Publicado em Segunda, 05 de Dezembro de 2016 - 08h08

Ministro do TCU e relator da CPI da Petrobrás são alvos de operação da PF

da Redação


Ministro do TCU e relator da CPI da Petrobrás são alvos de operação da PF

O ministro do Tribunal de Contas da União (TCU) Vital do Rêgo e o deputado federal Marco Maia (PT-RS), estão entre os alvos de uma nova fase da Operação Lava-Jato, deflagrada na manhã desta segunda-feira em Brasília (DF), Canoas (RS), Porto Alegre (RS), Campina Grande (PB) e João Pessoa (PB). 

Por volta das 6h, agentes da PF foram ao condomínio do político gaúcho, em Canoas, para cumprir mandados de busca e apreensão. 

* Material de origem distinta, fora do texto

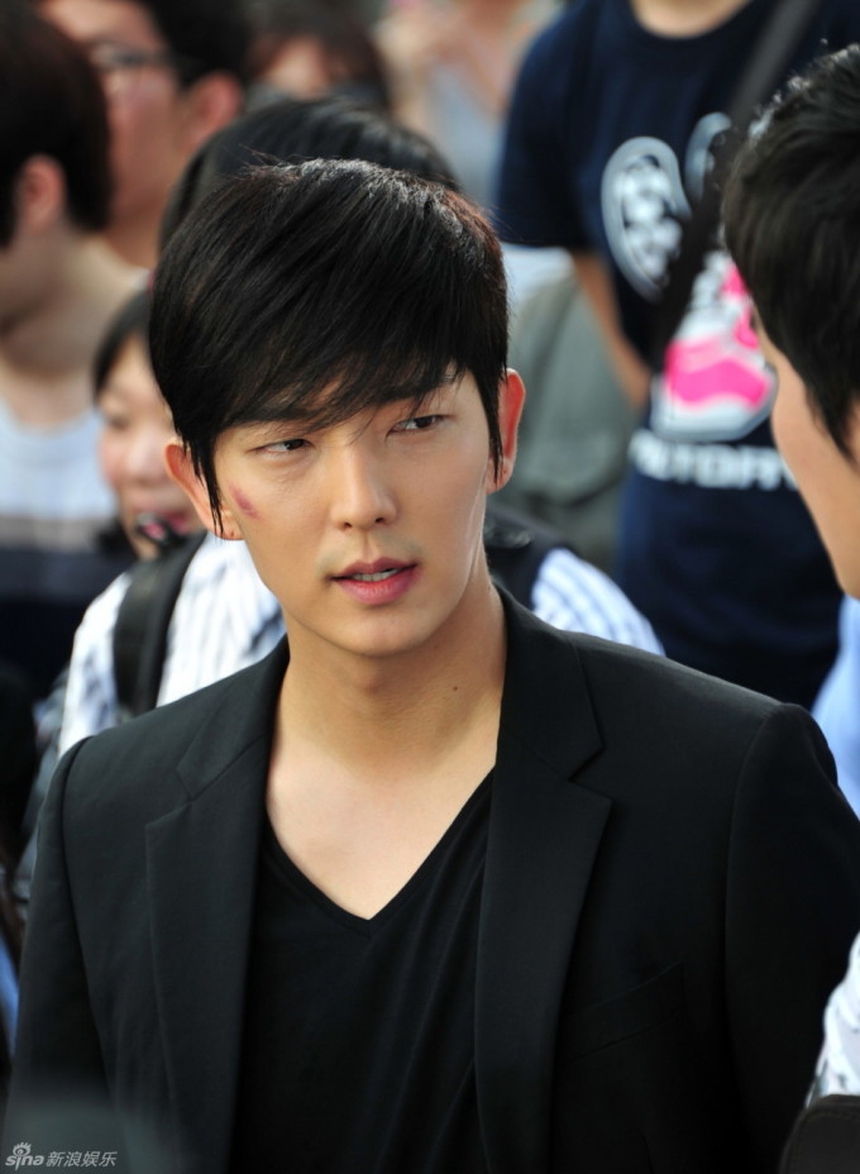 (TIN CHỦ NHẬT) 5 diễn viên 'một màu' của màn ảnh Hàn: Song Hye Kyo 'lụy tình', Lee Min Ho chỉ thích làm trai đẹp giàu có - Ảnh 5. (TIN CHỦ NHẬT) 5 diễn viên 'một màu' của màn ảnh Hàn: Song Hye Kyo 'lụy tình', Lee Min Ho chỉ thích làm trai đẹp giàu có - Ảnh 5.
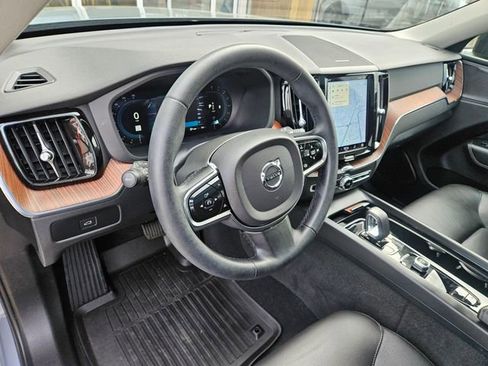 Used 2023 Volvo XC60 B5 Plus w/ Climate Package image 15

Vital e Maia são suspeitos de terem negociado propinas com empreiteiros que estavam na mira da Comissão Parlamentar Mista de Inquérito (CPMI) da Petrobras, instalada no Congresso em maio de 2014. Naquela época, Vital era o presidente da CPMI, enquanto Maia era o relator, responsável por elaborar um relatório final sobre os trabalhos dos parlamentares.

Segundo policiais, apenas a mulher e filha de Maia estavam na casa da família, em Canoas (RS). Foram levados documentos e computadores.

A investigação foi aberta em maio com base na delação premiada do senador cassado Delcídio do Amaral que cita o envolvimento de Rêgo e Maia na CPI da Petrobras.

Vital do Rêgo e Maia eram, respectivamente, presidente e relator da CPI mista da Petrobras e foram acusados por Delcídio de cobrança de "pedágio" na comissão para beneficiar empreiteiros e não convocá-los para depoimentos.

Na pedido de abertura de inquérito, o procurador-geral da República, Rodrigo Janot, disse que os fatos narrados pelo senador cassado indicam crimes de concussão ou corrupção passiva.

Em setembro, o sócio da OAS Léo Pinheiro, que está preso, admitiu ao juiz Sergio Moro que pagou cerca de R$ 3,8 milhões para abafar as investigações da CPI da Petrobras, em 2014.

Os pagamentos, segundo o empreiteiro, foram feitos a Rêgo, Maia e ao ex-senador Gim Argello (ex-PTB), preso pela Lava Jato em abril.

Segundo o empreiteiro, Maia e Rêgo disseram que poderiam adiar requerimentos e controlar o calendário da investigação, além de impedir a convocação de determinados empreiteiros.